В Волчине, на свадьбе моего кузена, присутствовал, среди прочих, мой шурин Браницкий. Там было заключено соглашение между ним и моими дядьями, прервавшее на год их взаимное недоверие друг к другу, восходившее ещё к обмену колкостями между Браницким и князем воеводой, имевшему место в их юности, а также к различным насмешливым замечаниям вице-канцлера, который слишком часто высказывал их прямо в лицо, полагая, что таким образом он сделает людей лучше, и не замечая, подчас, благодаря своему громкому голосу, что его имеют возможность слышать не только те, к кому он непосредственно обращается.

К тому же Потоцкие стремились польстить Браницкому с тех пор, как он занял генеральский пост, и он, естественно, предпочитал их Чарторыйским, которых постоянно ощущал чем-то вроде менторов.

А после примирения случилось так, что женитьба сына Брюля на одной из Потоцких, а также несколько отказов, полученных им при дворе, так расстроили Браницкого, что он неожиданно активно способствовал тому, чтобы меня избрали депутатом от Вельска на внеочередной сейм, созванный королём в апреле 1761 года.

Сейм был созван исключительно для того, чтобы обсудить, как быть с денежным обращением. Сложности с ним возникли из-за злоупотреблений королём Пруссии захваченным им в Саксонии чеканом с изображением Августа III: пользуясь правом эмиссии, как глава прусского герцогства, он приказал начеканить таких же монет, какие ходили в Польше, только стоимость каждой была снижена до такой степени, что в обращении стали попадаться монеты, не содержавшие и трети того количества серебра, которое было на них обозначено.

Король Пруссии выбросил на польский рынок около 200 миллионов таких монет, обменяв на них, с помощью преданных ему евреев, чуть ли не всю серебряную монету, выпущенную ранее. Таким образом, большую часть семилетней войны поляков обманывали изображением Августа III и приманивали двойной оплатой – ибо король Пруссии платил как бы вдвое за то, что вывозил из Польши: за зерно, лошадей, ткани, сукно и множество всего такого, чего война и разорение собственных прусских мануфактур лишило Пруссию.

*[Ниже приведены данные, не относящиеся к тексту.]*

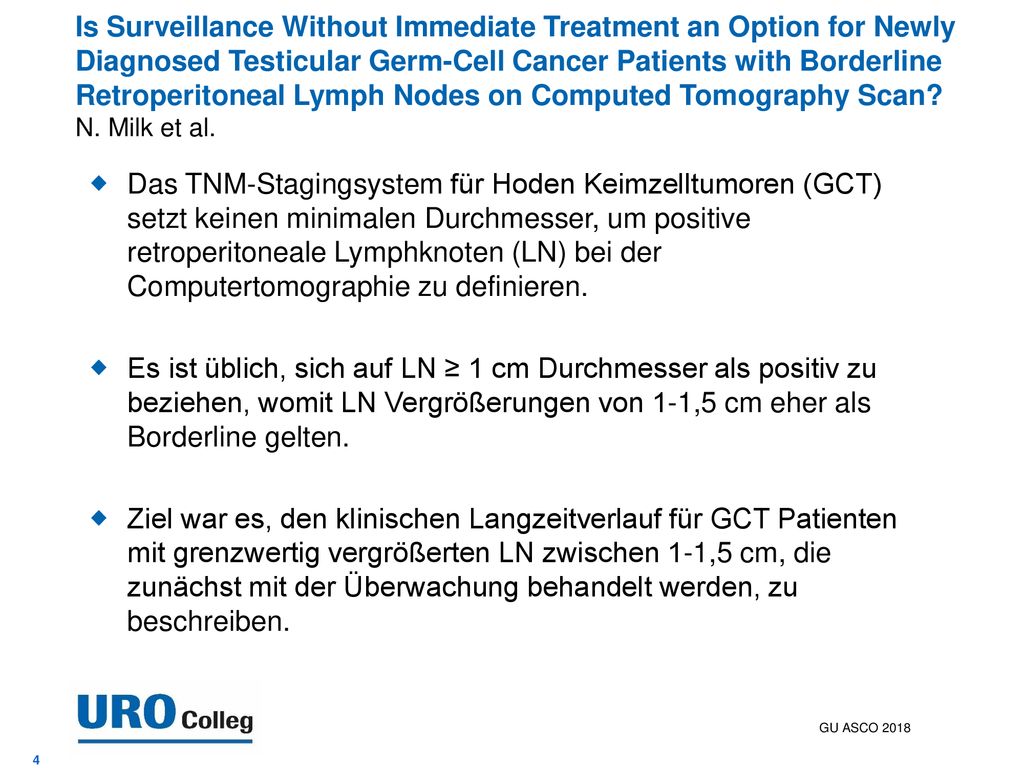 Is Surveillance Without Immediate Treatment an Option for Newly Diagnosed Testicular Germ-Cell Cancer Patients with Borderline Retroperitoneal Lymph Nodes on Computed Tomography Scan N. Milk et al.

Необходимо было найти действенное лекарство от колоссальных потерь, нанесённых Польше этими прусскими спекуляциями, и экстраординарный сейм, созванный для этой цели, призван был такое средство отыскать.

Руководители нашей партии полагали, однако, что в случае, если будет учреждена новая монета, недавно назначенный главный казначей Вессель, преданный Мнишеку, покроет финансовые спекуляции Брюля. Было известно также, что двор задумал придать этому сейму характер совместного, чтобы принять там и другие решения, посягавшие, как считалось, на свободу Польши. Желая противодействовать этому, мои дядья, объединившись с Браницким, решили воспрепятствовать проведению сейма. Нужен был предлог, и его нашли: в старинных законах было сказано, что созыв внеочередного сейма должен быть подтверждён сенатским комитетом.

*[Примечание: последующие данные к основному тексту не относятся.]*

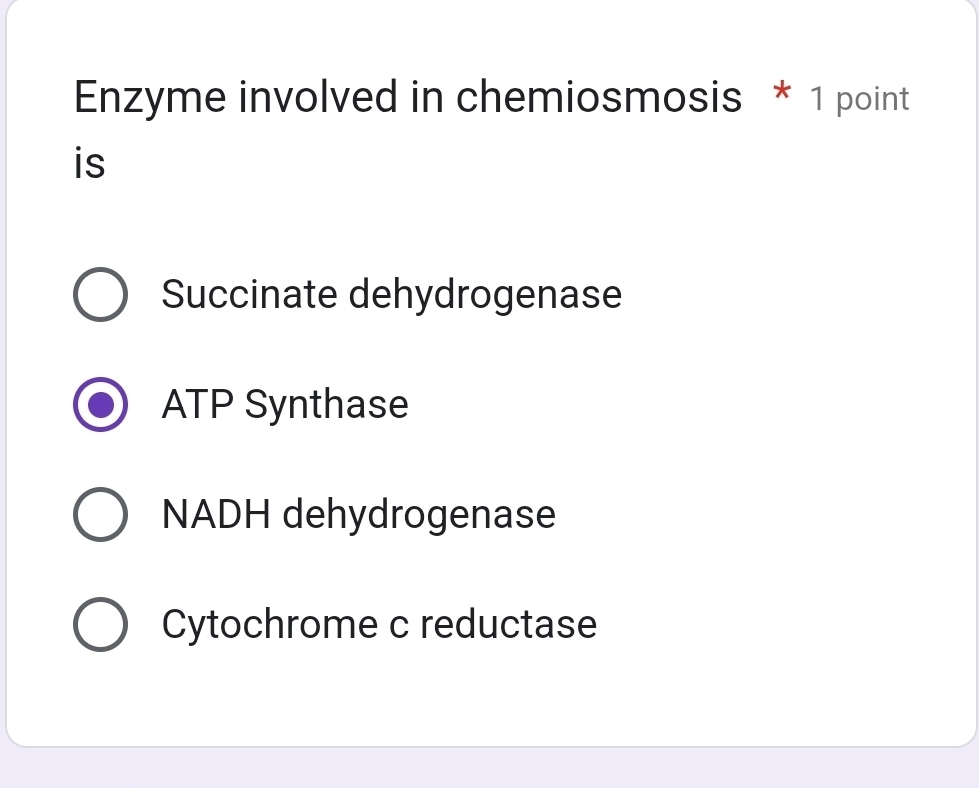 Enzyme involved in chemiosmosis * 1 point
is
Succinate dehydrogenase
ATP Synthase
NADH dehydrogenase
Cytochrome c reductase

Двор совершил промах, пренебрегши этой статьёй или забыв о ней. Мы внесли на её основании конституционный протест – и воспрепятствовали выборам маршала сейма.

Некто Карский обвинил князя Любомирского и меня в том, что мы – дурные граждане, поскольку принимаем участие в этой оппозиции.

Я немедля ответил ему, весьма кратко:

– «Хочу поблагодарить пана депутата Розана Карского за то, что он был так любезен признать и засвидетельствовать здесь, что мои предки оставили по себе добрую память, заботясь о тщательном проведении сеймов и, посредством этого, о всеобщем благоденствии. Тем больнее коллега ранит меня, не желая принять во внимание моё стремление следовать упомянутым примерам и вменяя мне в вину пагубное намерение прервать сейм. Я не прерываю сейм, поскольку сейма нет. Более сорока статей, только что здесь оглашённых, доказывают это. Я не стану повторять их, равно, как и всё, что я по этому поводу уже говорил, надеясь, что внимание собравшихся было более благосклонно ко мне, чем внимание пана Розана. Полагаю, я достаточно обосновал законность моей оппозиции происходящему.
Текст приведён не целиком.